» WORK INSTRUCTION
Return, exactly as written, the line containing "this 638×425 image." and every line after it to the end of the records below, with no pictures.

» EXERCISE INPUTS
§

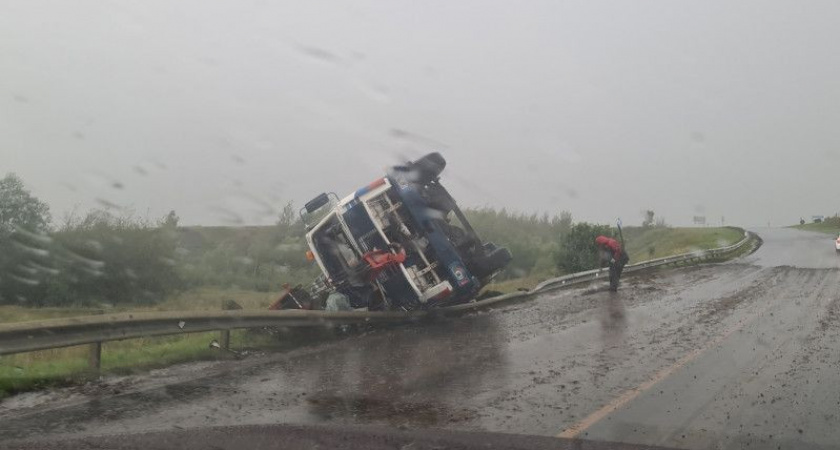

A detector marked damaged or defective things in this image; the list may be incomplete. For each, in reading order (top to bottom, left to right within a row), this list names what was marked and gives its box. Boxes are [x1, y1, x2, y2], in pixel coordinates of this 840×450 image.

bent guardrail [0, 229, 760, 370]
overturned truck [274, 153, 512, 312]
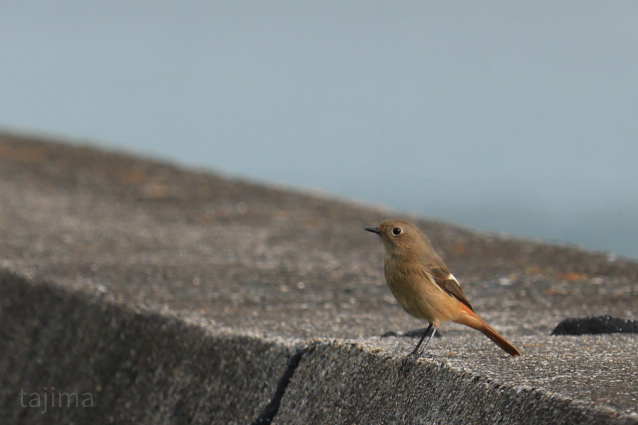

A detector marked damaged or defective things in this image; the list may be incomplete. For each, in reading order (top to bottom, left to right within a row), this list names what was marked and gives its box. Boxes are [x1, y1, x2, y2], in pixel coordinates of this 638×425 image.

crack in concrete [255, 346, 312, 422]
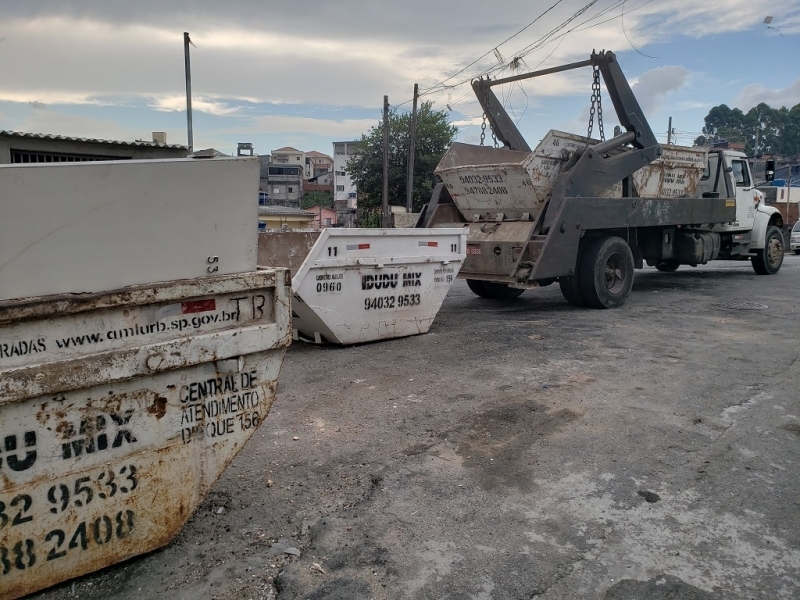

§

» TASK ANSWER
A detector marked damaged or defective things in this image; the list may be incomplete. For each, in reading order (top to bottom, left to right within a row), this list names what was marked and gives its box. Boxes are [x1, y1, x2, y2], in pixel coordinates of this 638×425 image.

crack in concrete [255, 346, 312, 422]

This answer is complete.